Рациональное зерно гегелевской философии – диалектика как логика и теория научного познания современного материализма – живет ныне только в одном образе – в ее марксистско-ленинской интерпретации и применении к познанию окружающего мира, к научному отражению объективных законов материального мира и перспектив его собственного, независимого от желаний и фантазий людей, развития. Именно разработкой диалектики, – при всех перекосах и недомолвках, при всей той абстрактности и «шелухе», в оболочке которой совершался процесс ее утробного созревания в лоне гегелевской философии, – Гегель обеспечил себе бессмертие в благодарной памяти человечества, в пантеоне героев духа. Диалектика и есть то самое, что соединяет Гегеля с нашей современностью, с вечно живым духом прогресса и с отражающим основные тенденции прогресса учением Маркса – Энгельса – Ленина.

«Диалектика и есть теория познания (Гегеля и) марксизма: вот на какую “сторону” дела (это не “сторона” дела, а суть дела) не обратил внимания Плеханов...» – подчеркивал Ленин (т. 29, с. 321). Гегелевская диалектика, по оценке Ленина, – это прежде всего наиболее глубокое и всестороннее «обобщение истории мысли» (т. 29, с. 298), – правда, только и исключительно мысли, – в чем и заключается ее связанная с идеализмом ограниченность.

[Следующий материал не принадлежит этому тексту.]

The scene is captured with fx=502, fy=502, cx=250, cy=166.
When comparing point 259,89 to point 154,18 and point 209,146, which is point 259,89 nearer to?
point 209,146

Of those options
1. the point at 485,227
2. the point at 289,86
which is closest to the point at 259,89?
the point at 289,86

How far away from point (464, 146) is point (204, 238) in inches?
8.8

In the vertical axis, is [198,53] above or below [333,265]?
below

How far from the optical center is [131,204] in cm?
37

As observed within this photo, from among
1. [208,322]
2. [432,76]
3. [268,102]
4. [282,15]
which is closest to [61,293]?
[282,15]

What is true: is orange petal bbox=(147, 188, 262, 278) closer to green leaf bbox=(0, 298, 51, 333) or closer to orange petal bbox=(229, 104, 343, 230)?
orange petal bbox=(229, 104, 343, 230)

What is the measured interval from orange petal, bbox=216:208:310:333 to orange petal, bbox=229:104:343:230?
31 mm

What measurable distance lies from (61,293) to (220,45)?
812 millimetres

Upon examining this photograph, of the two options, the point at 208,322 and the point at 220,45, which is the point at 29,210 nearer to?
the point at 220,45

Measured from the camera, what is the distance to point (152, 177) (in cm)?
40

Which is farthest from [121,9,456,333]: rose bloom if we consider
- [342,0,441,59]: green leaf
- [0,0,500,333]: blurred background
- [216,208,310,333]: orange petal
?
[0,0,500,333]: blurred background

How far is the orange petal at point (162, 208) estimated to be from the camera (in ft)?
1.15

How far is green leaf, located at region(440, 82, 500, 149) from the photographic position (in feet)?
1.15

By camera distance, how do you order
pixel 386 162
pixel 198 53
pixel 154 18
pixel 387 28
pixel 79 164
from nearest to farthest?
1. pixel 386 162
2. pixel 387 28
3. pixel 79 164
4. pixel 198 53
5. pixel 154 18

В.И. Ленин настоятельно рекомендовал современным естествоиспытателям «организовать систематическое изучение диалектики Гегеля с материалистической точки зрения...» и выражал убеждение, что они «найдут (если сумеют искать и если мы научимся помогать им) в материалистически истолкованной диалектике Гегеля ряд ответов на те философские вопросы, которые ставятся революцией в естествознании и на которых “сбиваются” в реакцию интеллигентские поклонники буржуазной моды» (т. 45, с. 30‑31). Совет не устарел: и до сих пор материалистически понимаемый Гегель – лучшее лекарство от модных недомоганий неопозитивистского и экзистенциалистского толка.

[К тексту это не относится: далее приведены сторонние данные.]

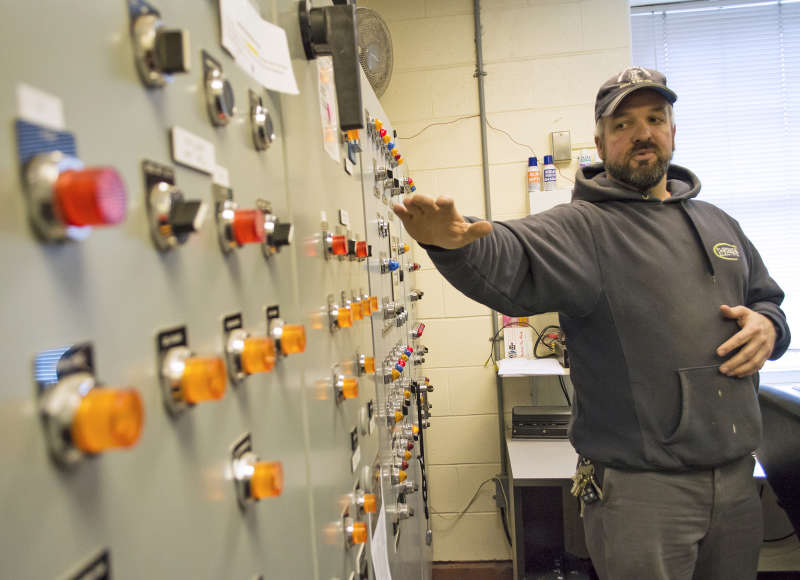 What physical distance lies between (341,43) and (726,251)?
1197 millimetres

Гегель не мог ответить на роковой для всякого идеализма вопрос: откуда же берется самое мышление и чем определяется его диалектическое развитие? Объявляя мышление «божественным», Гегель просто уходит от этого вопроса, выдает отсутствие ответа на него за единственно философский «ответ». То же самое, только не употребляя всуе имя божие, делают и современные противники теории отражения из югославского журнала «Праксис». Объявляя «диалектику» исключительно формой «самосознания человеческой субъективности», они тем самым и выдают ее за ничем извне не обусловленную («абсолютную») схему всякого познания и практики. Гегель «обожествил» все же не что-нибудь, а именно диалектику человеческого мышления. Но, мистифицируя эту диалектику, Гегель ее выявлял в реальной истории мышления, описывая и систематизируя ее формы и законы с такой глубиной и основательностью, как никто из логиков-профессионалов ни до, ни после него. В этом – колоссальное превосходство гегелевской «Науки Логики» над претенциозной «логикой науки», конструируемой неопозитивистами. Фыркая на Гегеля, неопозитивисты сами беспардоннейшим образом абсолютизируют (обожествляют) известные формы мышления. Только обожествлению в данном случае подвергаются тощие постулаты и аксиомы формальной логики. И этому худосочному «богу» хотят заставить молиться всю современную научную мысль...

Буржуазная философия заимствует из Гегеля все смертное и преходящее – его мистику обожествления мышления, его склонность к компромиссу с силами «существующего», с «богом» и религией, – и, наоборот, вот уже более ста лет старается дискредитировать, объявить «несовременным» и «вредным» все то, что в его философии вело и ведет в тенденции к марксизму. Начало этому положили Шопенгауэр и кантианцы с их лозунгом «Назад к Канту!», либералы типа Р. Гайма и ранние позитивисты вроде Е. Дюринга и примкнувшего к ним Эд. Бернштейна. Все они видели в Гегеле прежде всего «духовного отца Маркса» и потому старались «уничтожить зло уже в зародыше». Этим мотивом и до сих пор определяется все отношение буржуазной философии к Гегелю. По сути дела буржуазная философия давно открестилась от самого великого из своих сынов, от всего ценного и прогрессивного в нем и ценит в нем лишь его слабости, те самые слабости, которые тот разделяет со всем идеализмом. Но в этих слабостях как раз ничего специально гегелевского и нет, стало быть, нет и Гегеля как такового, как конкретного мыслителя.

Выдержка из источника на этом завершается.